## Required action
Under this line are the records; write out word for word the part that begins at the line containing "6 Ga. Set - SAE" and ends at the line containing "Full List of", and no more.

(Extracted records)
- - - - -

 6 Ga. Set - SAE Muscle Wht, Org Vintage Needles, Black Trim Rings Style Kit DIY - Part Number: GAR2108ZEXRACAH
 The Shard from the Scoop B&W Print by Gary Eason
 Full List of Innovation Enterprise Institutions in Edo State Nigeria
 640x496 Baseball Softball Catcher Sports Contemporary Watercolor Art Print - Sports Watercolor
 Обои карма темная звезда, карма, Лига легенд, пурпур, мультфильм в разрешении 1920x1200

- - - - -

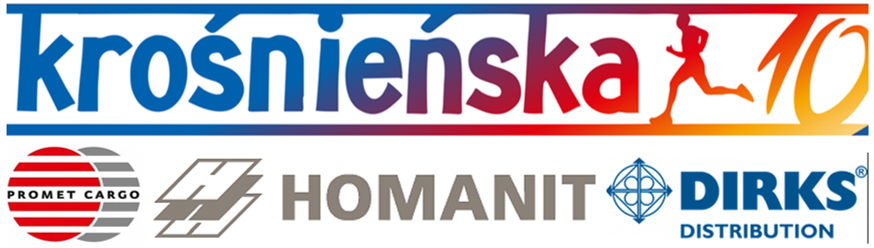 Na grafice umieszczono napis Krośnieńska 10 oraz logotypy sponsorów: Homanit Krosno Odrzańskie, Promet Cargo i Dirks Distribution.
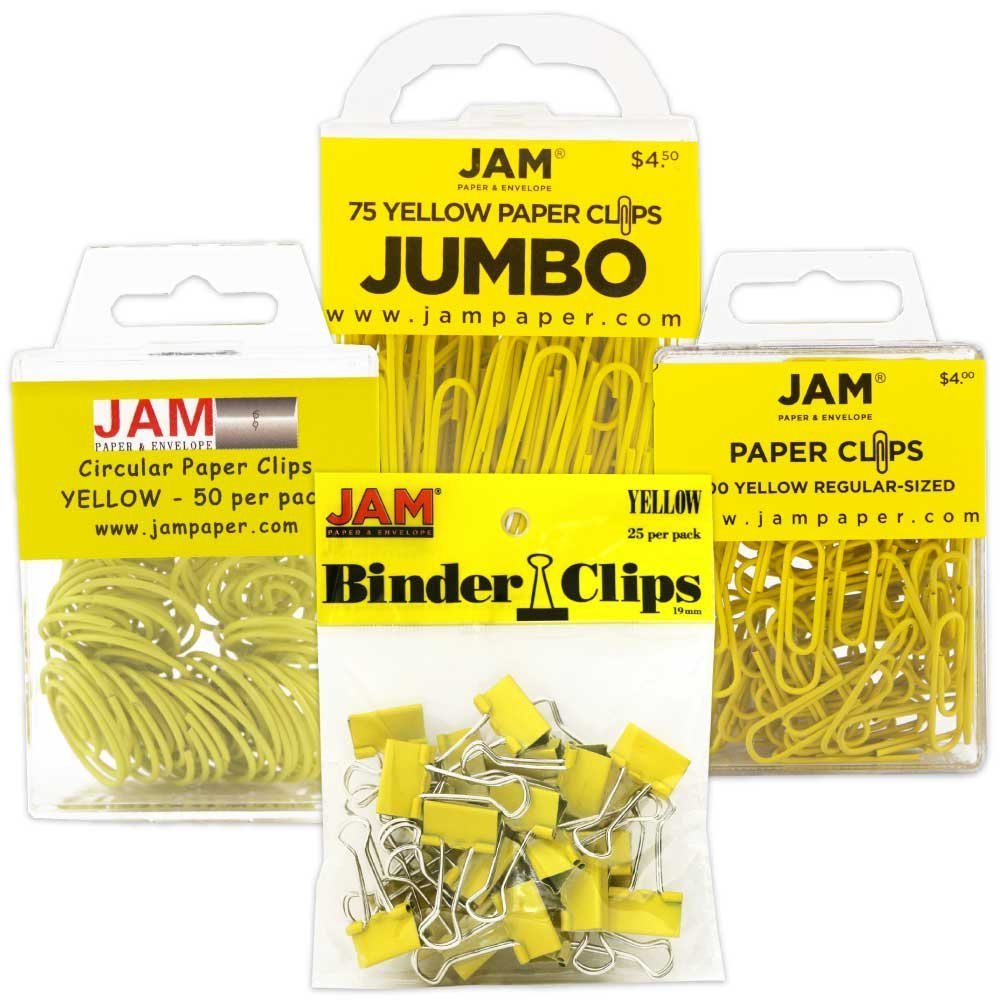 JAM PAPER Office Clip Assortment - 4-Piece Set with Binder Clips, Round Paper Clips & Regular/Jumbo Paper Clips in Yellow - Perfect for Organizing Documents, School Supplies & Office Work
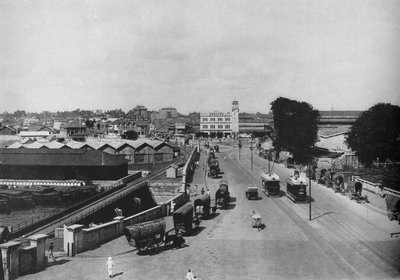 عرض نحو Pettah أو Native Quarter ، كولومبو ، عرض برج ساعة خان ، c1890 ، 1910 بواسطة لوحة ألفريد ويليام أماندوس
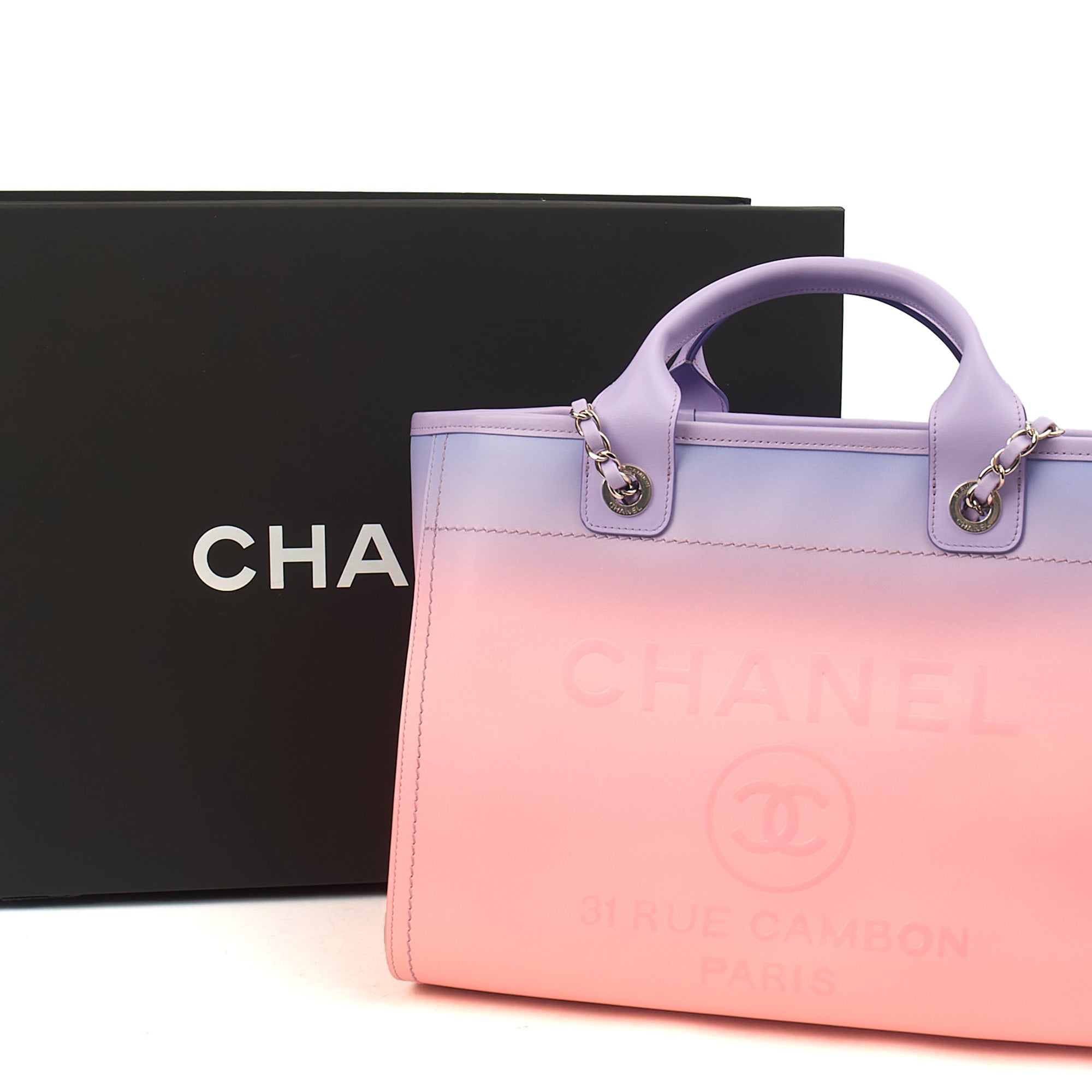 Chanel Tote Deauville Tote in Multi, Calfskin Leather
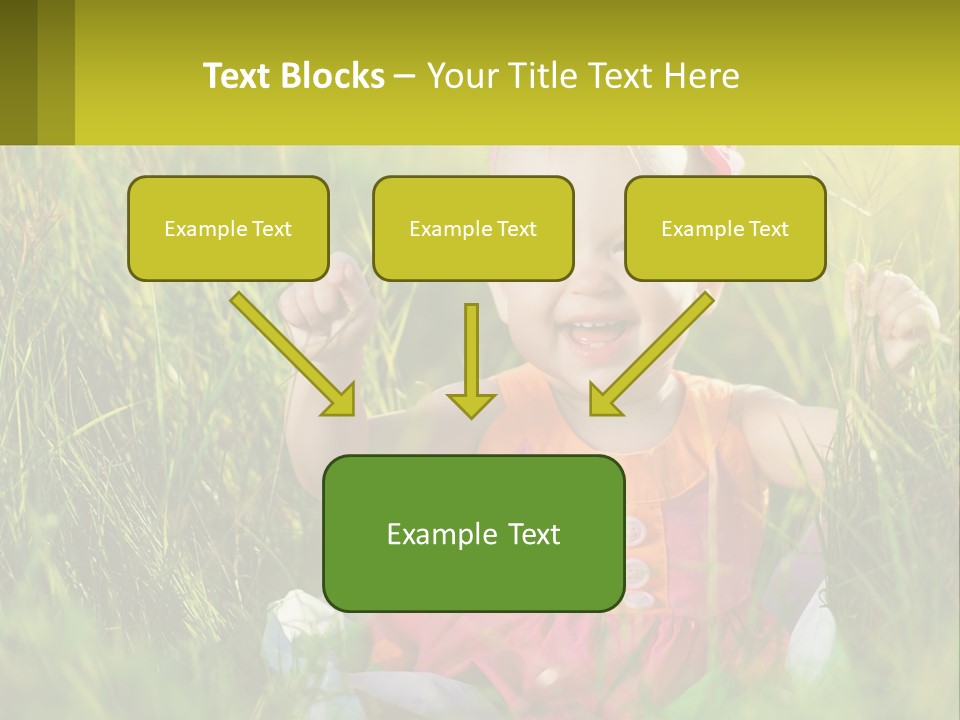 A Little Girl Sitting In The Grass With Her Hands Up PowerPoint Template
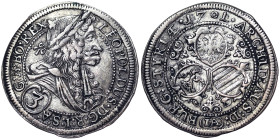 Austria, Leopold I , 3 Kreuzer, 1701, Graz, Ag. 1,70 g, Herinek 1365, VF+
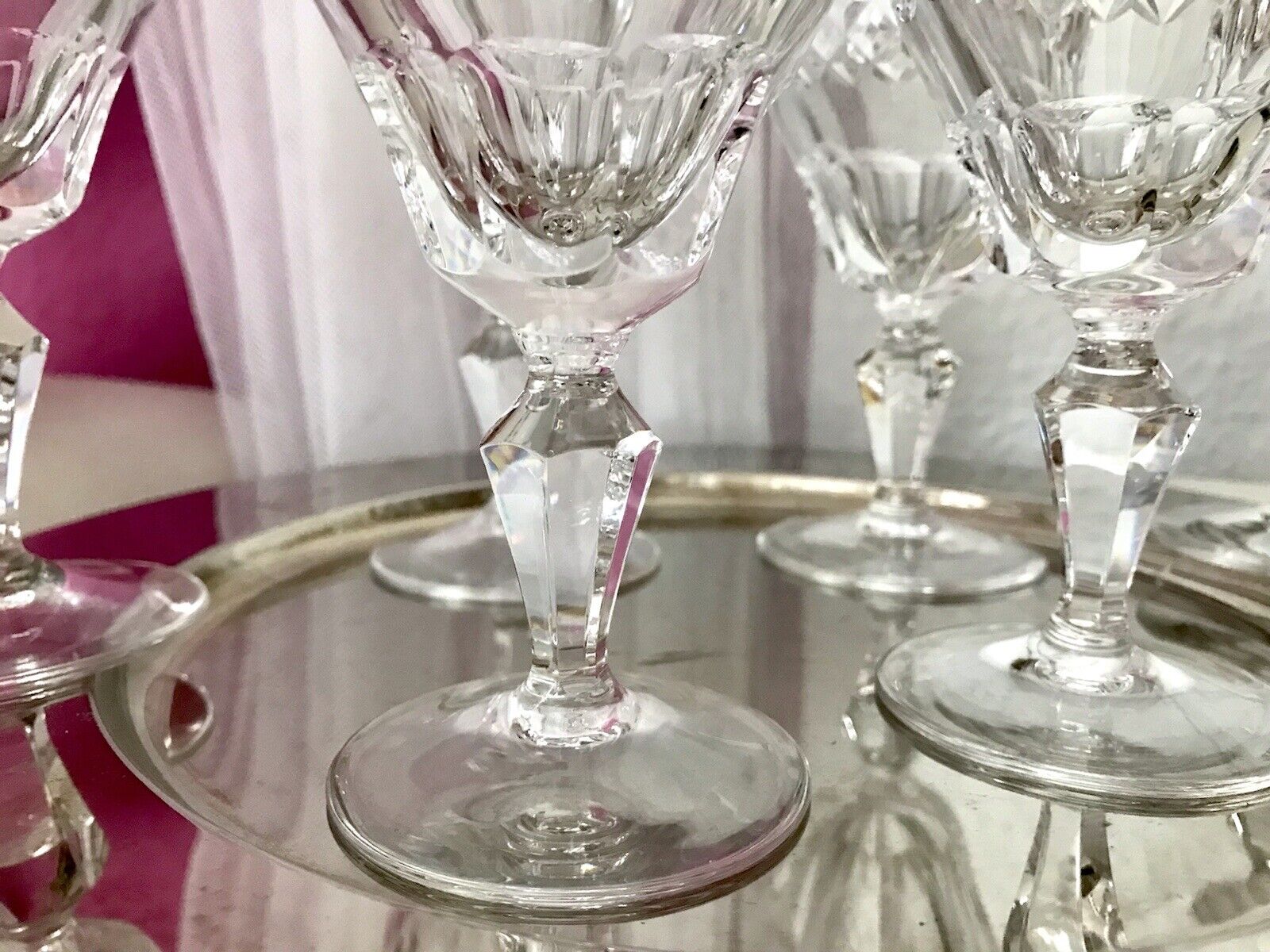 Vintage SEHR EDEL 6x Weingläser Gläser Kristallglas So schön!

- - - - -

## Task output
 6 Ga. Set - SAE Muscle Wht, Org Vintage Needles, Black Trim Rings Style Kit DIY - Part Number: GAR2108ZEXRACAH
 The Shard from the Scoop B&W Print by Gary Eason
 Full List of Innovation Enterprise Institutions in Edo State Nigeria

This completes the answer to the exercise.